Section 179 allows farmers to expense and depreciate property they have purchased or repaired for their operations. Last December, lawmakers restored the maximum Section 179 expensing to 2013 levels. That meant farmers could again claim $500,000 on capital investments for 2014, which had dropped to $25,000 at the beginning of the year. The package also reinstated a 50 percent bonus depreciation for the purchase of new capital assets, including farm equipment.
During floor debate last December, North Dakota Sen. John Hoeven said Section 179 “is important to (producers) so that they don’t see a tax increase, but it also keeps our economy going. Without it, small business will buy and repair less equipment, slowing down our manufacturing base and slowing down our economy. Quite simply, that means fewer jobs. It is not only because small business’s costs are increased, but it is also because of the uncertainty that is created when they don’t know the rules of the road. That is why this fix needs to be done on a permanent basis.”
At the time, Andrew Grobmyer, executive vice president of the Agriculture Council of Arkansas, called for more than a one-year fix. “A one year fix is acceptable but we’d hoped it would be for longer. Hopefully, Congress can get the tax provisions figured out earlier next year and provide more long-term answers on the tax code.”
While the Senate Finance Committee bill wouldn’t make Section 179 a permanent part of tax law, the legislation helps allay fears that a debate on the extension would push up against year’s end.
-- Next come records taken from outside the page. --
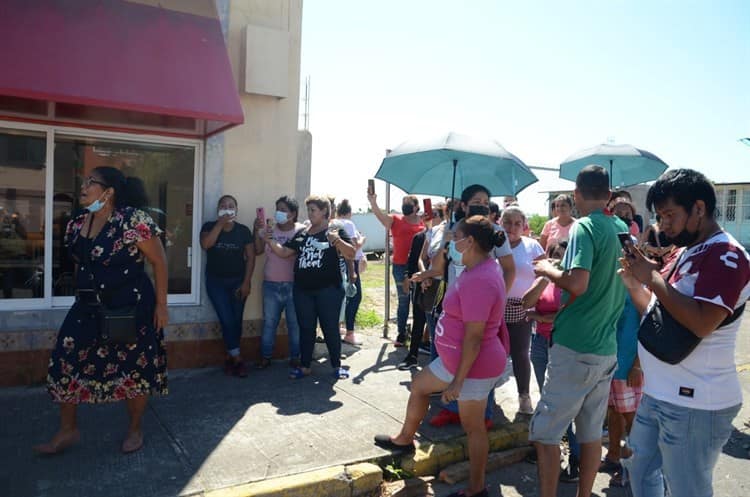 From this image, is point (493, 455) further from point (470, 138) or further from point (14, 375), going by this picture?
point (14, 375)

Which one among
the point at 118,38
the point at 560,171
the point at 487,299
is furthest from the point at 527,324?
the point at 118,38

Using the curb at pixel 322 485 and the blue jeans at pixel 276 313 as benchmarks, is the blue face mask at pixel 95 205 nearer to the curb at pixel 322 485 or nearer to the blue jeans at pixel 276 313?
the curb at pixel 322 485

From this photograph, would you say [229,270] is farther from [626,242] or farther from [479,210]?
[626,242]

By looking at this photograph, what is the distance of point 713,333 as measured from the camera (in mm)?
2479

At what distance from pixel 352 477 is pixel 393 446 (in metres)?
0.49

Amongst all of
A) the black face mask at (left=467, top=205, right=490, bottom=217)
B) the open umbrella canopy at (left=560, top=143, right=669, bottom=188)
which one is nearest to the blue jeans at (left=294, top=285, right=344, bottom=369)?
the black face mask at (left=467, top=205, right=490, bottom=217)

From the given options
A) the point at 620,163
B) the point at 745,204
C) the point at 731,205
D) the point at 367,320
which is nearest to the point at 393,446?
the point at 367,320

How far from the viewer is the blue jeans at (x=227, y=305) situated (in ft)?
19.3

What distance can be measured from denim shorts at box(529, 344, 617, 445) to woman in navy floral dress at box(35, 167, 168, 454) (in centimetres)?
267

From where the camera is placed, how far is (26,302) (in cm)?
543

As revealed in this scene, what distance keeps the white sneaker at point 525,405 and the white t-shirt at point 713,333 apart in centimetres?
264

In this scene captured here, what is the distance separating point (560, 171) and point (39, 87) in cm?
636

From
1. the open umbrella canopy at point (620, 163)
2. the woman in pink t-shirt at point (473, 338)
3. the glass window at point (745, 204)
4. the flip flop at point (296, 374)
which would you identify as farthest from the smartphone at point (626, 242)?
the glass window at point (745, 204)

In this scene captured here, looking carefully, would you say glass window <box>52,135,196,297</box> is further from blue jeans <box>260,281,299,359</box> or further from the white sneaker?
the white sneaker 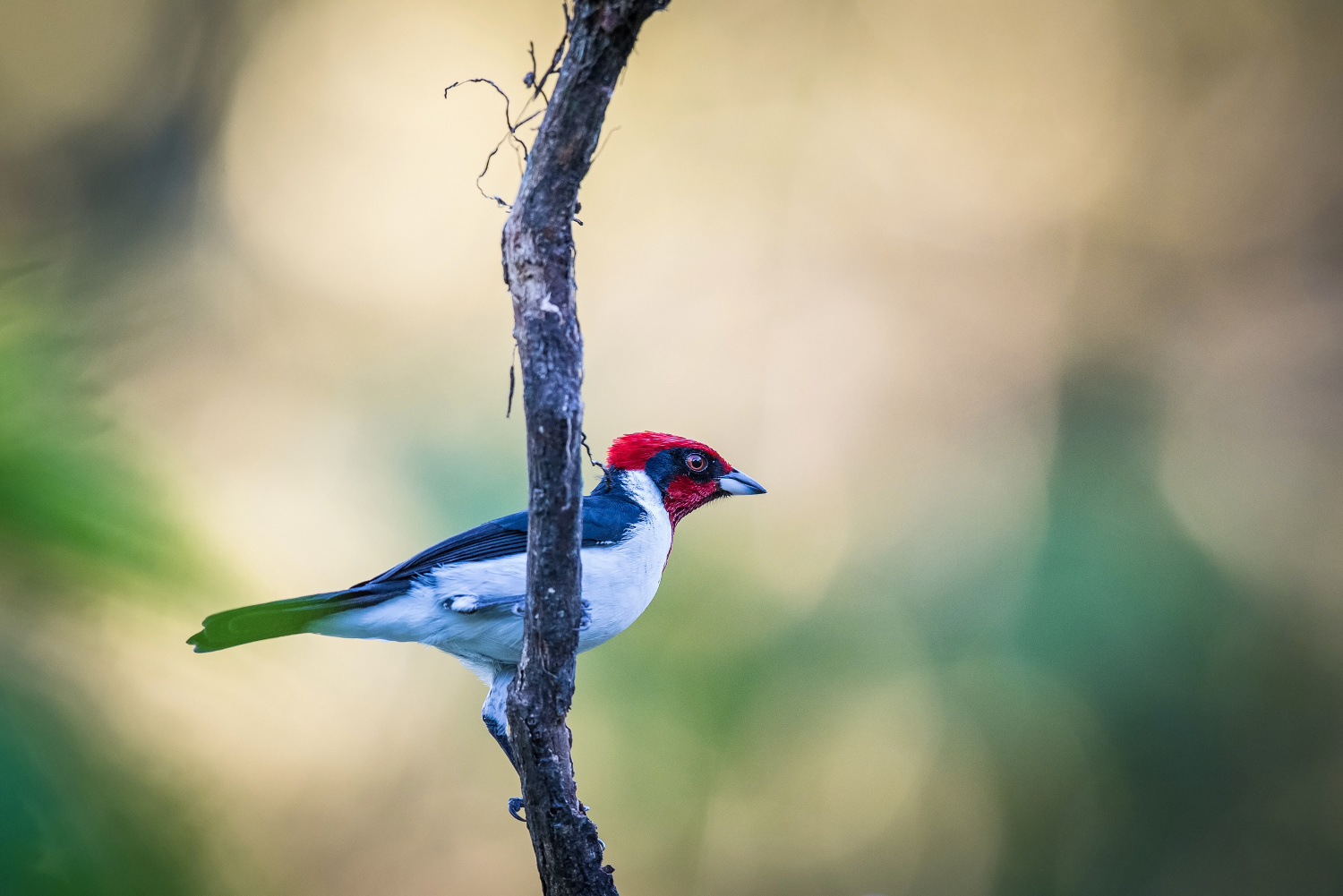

“Section 179 and bonus depreciation lend stability and help minimize risk in an unpredictable industry,” Bob Stallman, American Farm Bureau Federation President said in a statement. “Farmers and ranchers rely on tax provisions that allow them to manage their cash flow and put their money back to work for their businesses and local economies.
“These tax provisions are an important tool for farmers and ranchers to keep their businesses moving forward. It’s time for Congress to make these provisions permanent. Farmers need more than a temporary patch on the tax code: They need the certainty that they can count on these provisions every year as they plan for the future of their businesses.”
Another cheerleader for the tax extenders package is Roger Johnson, National Farmers Union (NFU) President. “Producers and rural residents deserve certainty when it comes the tax needs of their individual businesses,” said Johnson in a letter to the Senate Finance Committee. “NFU applauds the Finance Committee in advancing a two year extenders package well ahead of the end of the year.”
Johnson nodded towards the consequences of lawmakers waiting to make such tax extensions until the legislative session in nearing an end. “The last minute extensions (made at the end of 2014), some of which were retrospective in nature, left producers scrambling during the last few weeks of the year to make purchases. There was very little confidence that Congress would extend the credits until it actually passed. As a result, long-term planning was impossible.”
The NFU provided the following bullet points to explain its support for the tax credits:
- Charitable contributions of real property for the purpose of conservation.
- Extension of bonus depreciation.
- Charitable deduction for contributions of food inventory.
- Extension of increased expensing limitations and treatment of certain real property as section 179 property.
- Extension of the Renewable Electricity Production Credit.
- All extensions that benefit the renewable fuel sector at both the production and consumption levels.
- Deductions for energy efficiency upgrades made to buildings.